ROMULUS (WWJ) - It’s something residents near at Detroit Metro Airport have been waiting and hoping for – a little more peace and quiet.
Airport officials on Tuesday cut the ribbon to a run-up enclosure where jetliners can test their engines following repairs and have the resulting noise absorbed by the three-sided, open-air enclosure.
Romulus Mayor Alan Lambert said they’d get over 700 complaints a year about airport noise that they couldn’t do anything about.
“You know four or five o’clock in the morning is what they usually do this stuff and it’s just terribly loud.

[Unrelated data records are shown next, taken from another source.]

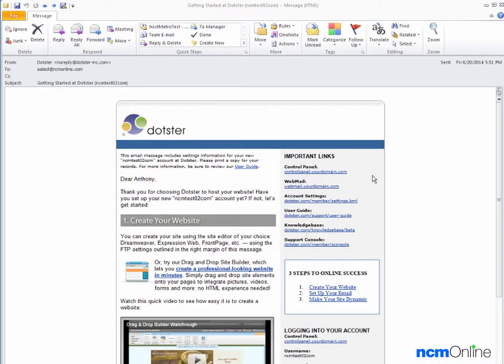Hello everyone. Today we'll be installing WordPress on our Dotster hosting account and as you can see we've already opened the getting started email.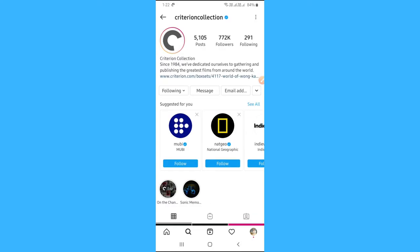That's pretty much how you can see a specific person's Instagram activity. Hope you found this video helpful. I would appreciate it if you like this video. See you next time.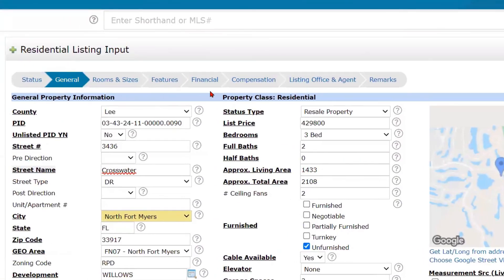We're moving back to the top of the listing and we're just going to work through each one of these tabs.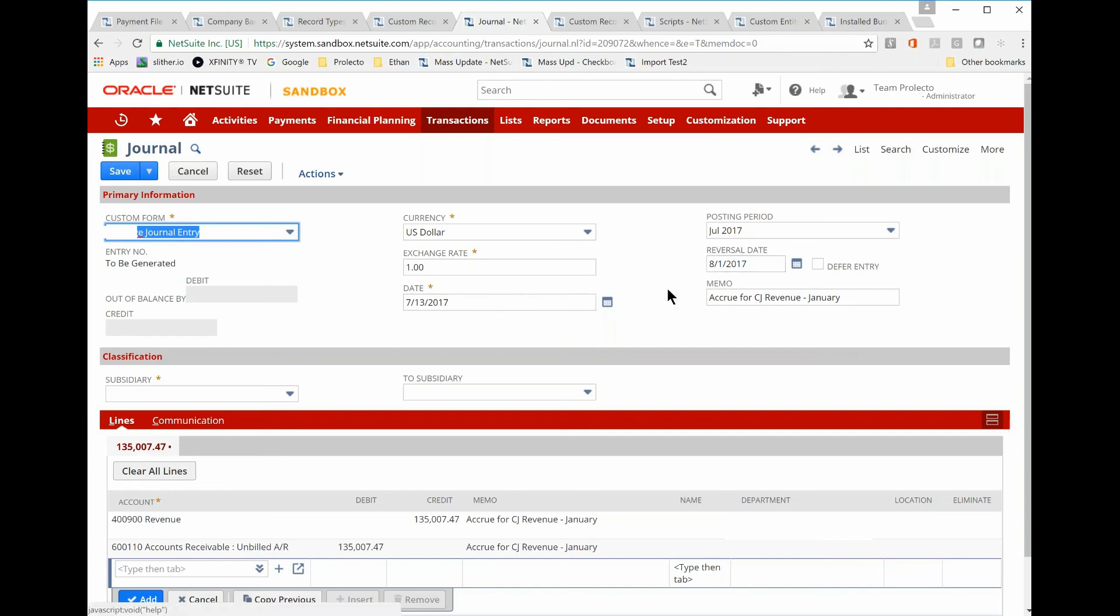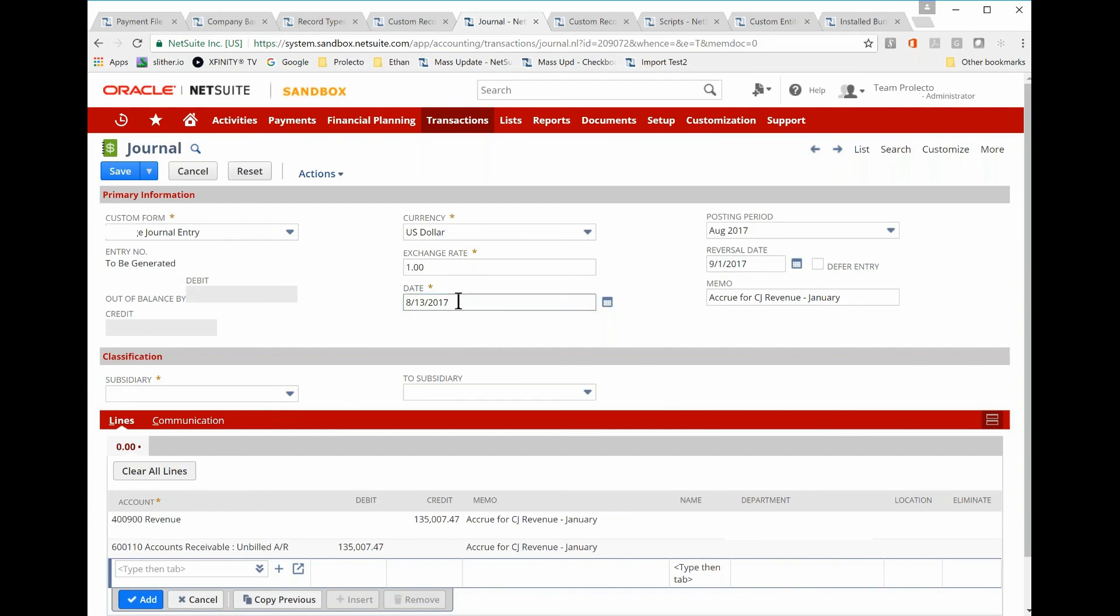Okay, so why don't we go ahead and change the date now to something else, like 8.13. Cool. Great. And then back to 7.13, right?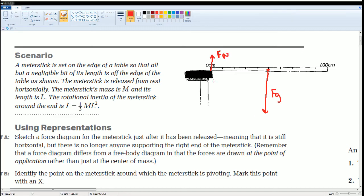Why is the normal force here? Because this is where X is equal to zero. This is also called the axis of rotation. This is also where it's pinned down. Identify the point around the meter stick where it is going to be pivoting — this is where it's pivoting, pinned, axis of rotation, when X equals zero.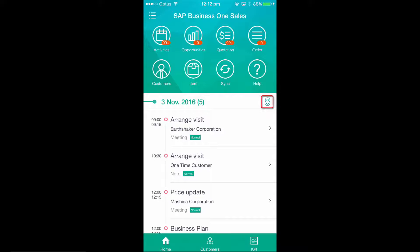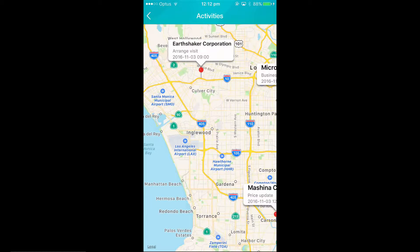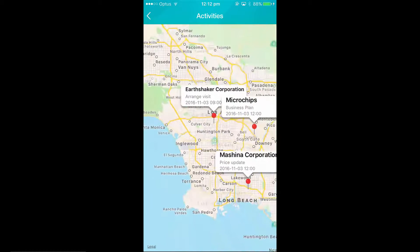By clicking on this new activity map icon, I can now see the proximity of all of my meeting type activities, which will enable me to plan my route and ensure that I am on time for important customer meetings.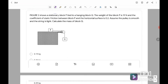Figure 2 shows a stationary block P tied to a hanging block Q. The weight of block P is 19 Newton — they give you the weight, not the mass. The coefficient of static friction is 0.2, meaning there is a frictional force. Assuming the pulley is smooth and the string is light, calculate the mass of block Q. We must draw the free body diagram first. For P, we have the normal force, tension, Mg, and also frictional force.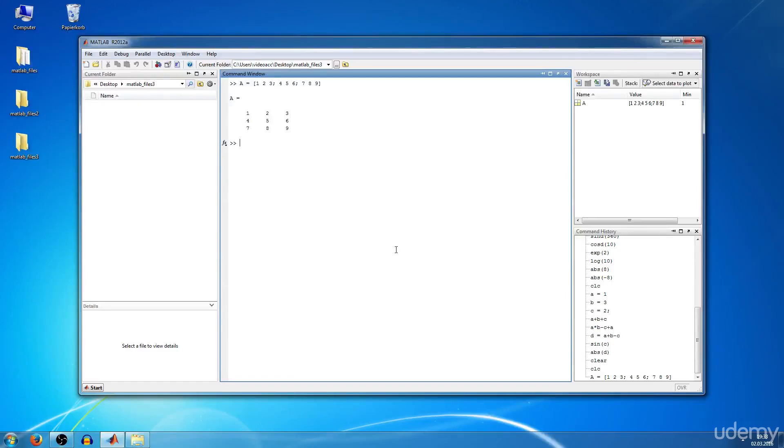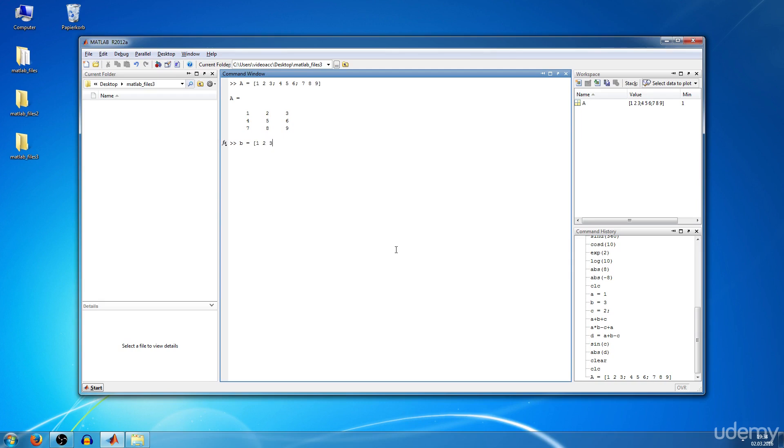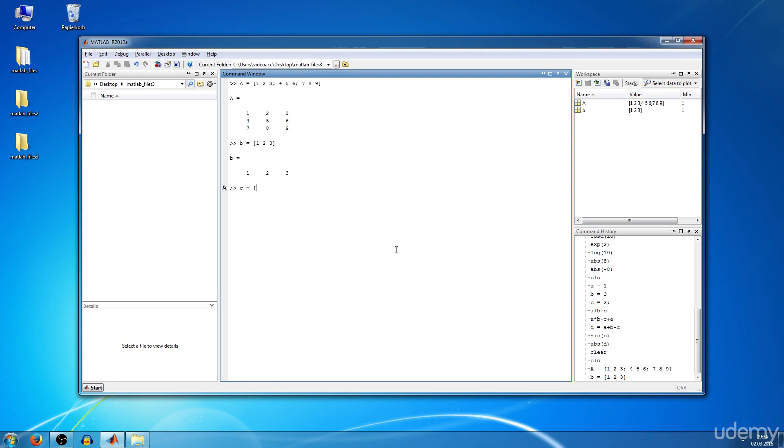The same way you can assign vectors, we're going to have a vector B equals. Then again you use square brackets, but we just type in one row: one, two, three, square bracket, hit enter, and we get B. If you want to have a column vector, you have to separate the elements with semicolons.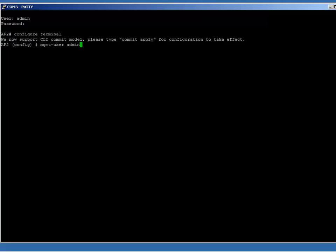Then press enter, then type exit and press enter, and then save the changes with the command write memory. You've just changed the username and password for the system.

You want to sleep with your windows open it’s for sure going to wake you up – and it did,” said Lambert. “But now it’s going to cut it down to the amount where, I think, windows open; maybe hear a little something. Windows closed; you shouldn’t hear anything at all.”
The ground run-up enclosure is a three-sided, open-air acoustically designed structure that absorbs the noise from jet engine testing. Following repairs, these run-ups generate noise the equivalent to take-offs that can last anywhere from a few minutes to an hour.
Before the enclosure, airplanes performed their run-ups in areas near runways that were out in the open.
Don Bergin of Blast deflectors, the company that designed the structure, said residents will appreciate the difference.
“Without a facility like this you would definitely notice a ground run-up in the community,” said Bergin. “With a facility like this, if you notice it at all it’s almost not going to be audible.”
The enclosure deflects the exhaust upward, rather than outward into the surrounding communities.